Yeh it took a little practice for sure!! The first batch was…pretty awful and needed a re-do!! I found the best was to grind in the lateral taper first and when i was happy with that grind the flat front edge. Once i got the hang of it it was fairly easy to correct any flaws or even start from scratch if i wasn’t happy!
You guys are quite lucky in the US, you seem to have many more options for construction material (and raw tree material) at quite affordable prices. It can be quite slim expensive pickings in the UK!!! And our weather sucks!!
Grass is always greener on the other side of the pond! We lost thousands of trees and had structural damage to homes and businesses and power lines. Now the temperatures are negative 9 C and twelve inches of snow on the ground. If you have half of a continent to choose from the weather will be good and bad at the same time. Mountains and coastline have their benefits and their draw backs. I have chosen to love where I am at the moment. Use your local clubs and local nurseries and bonsai outlets to make art out of the ordinary. The recent nursery stock stream by multiple professionals has made me watch for opportunities where I live. Envy is not productive. I envy your easy access to the sea. I live 1200 miles from the Atlantic. Just waxing philosophical in my old age for the new year! And… we have so much more information available that I cannot keep up with all the knowledge that is free for asking! Top 10 UK Bonsai Blogs, Websites & Influencers in 2020 (feedspot.com)
I was …not aware… that… bonsai influencers… was a thing…
It’s funny that you mention that philosophical perspective…just a few interviews with some bonsai professionals from various countries (Peter Warren was asked about JBP’s and Japanese Maples in a UK climate) and the take home message from all of them was to adapt your approach to your trees to your climate rather than trying to fight it. I like that approach as its very similar to Ryan’s ethos that developing health in your trees as the priority rather than demanding they do what you want.

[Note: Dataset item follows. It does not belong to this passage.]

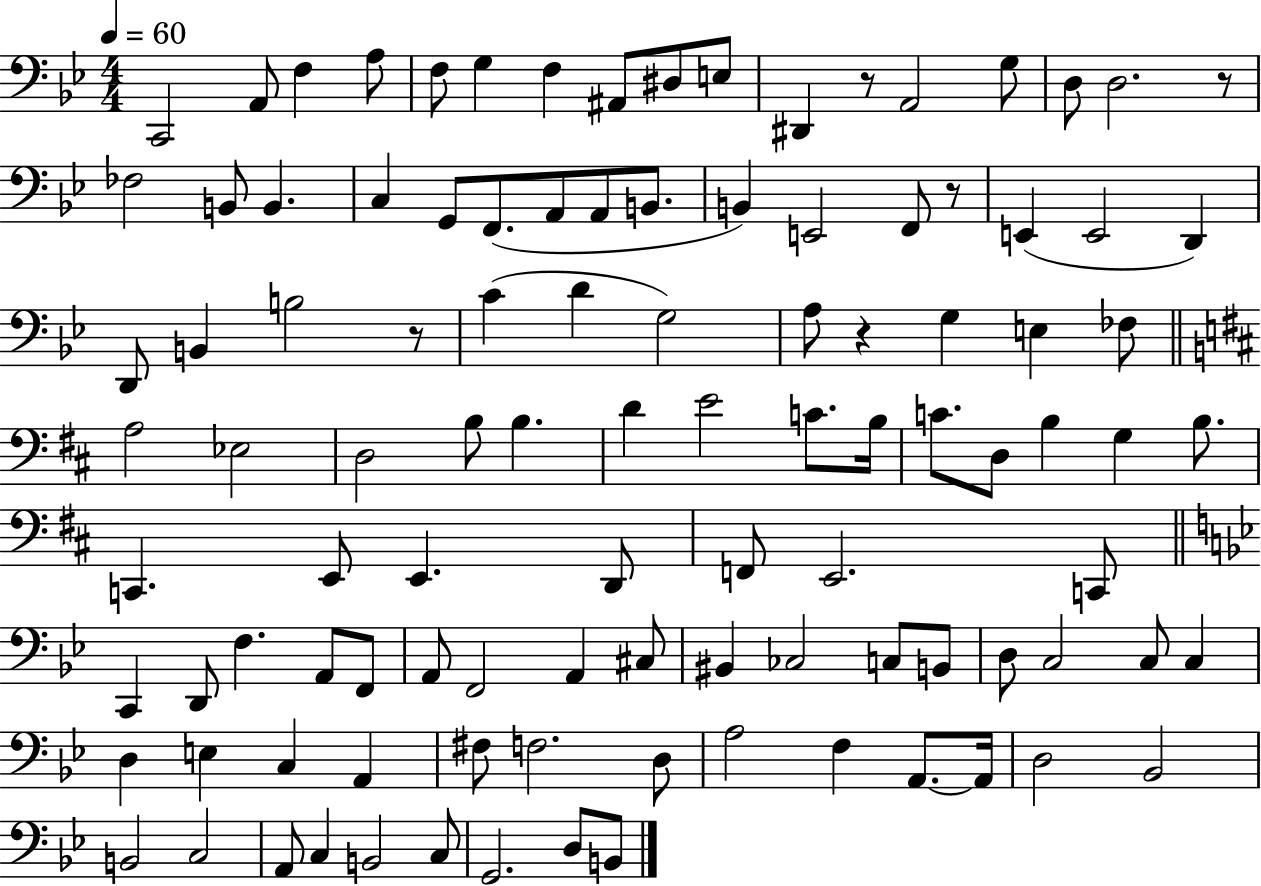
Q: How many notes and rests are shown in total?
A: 105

I only started bonsai in April 2020 so am very new to the practice. However the shear bulk of available resources now means that a lot can be learnt in a very short space of time (theory of course, the practice will take…forever), i cant imagine how people went about it in the old days. I suppose it is a natural frustration to want optimal conditions and outcomes when learning a new practice…but coming to terms with that being impossible and adapting is part of the learning process i guess. And it certainly helps to have forums like this to engage with other small tree lovers!! When this Covid misery is over i’m looking forward to joining one of my local clubs and meeting some new people with the experience of practicing bonsai in the UK.
All i want for 2021 is for everyone to be safe and have healthy trees!!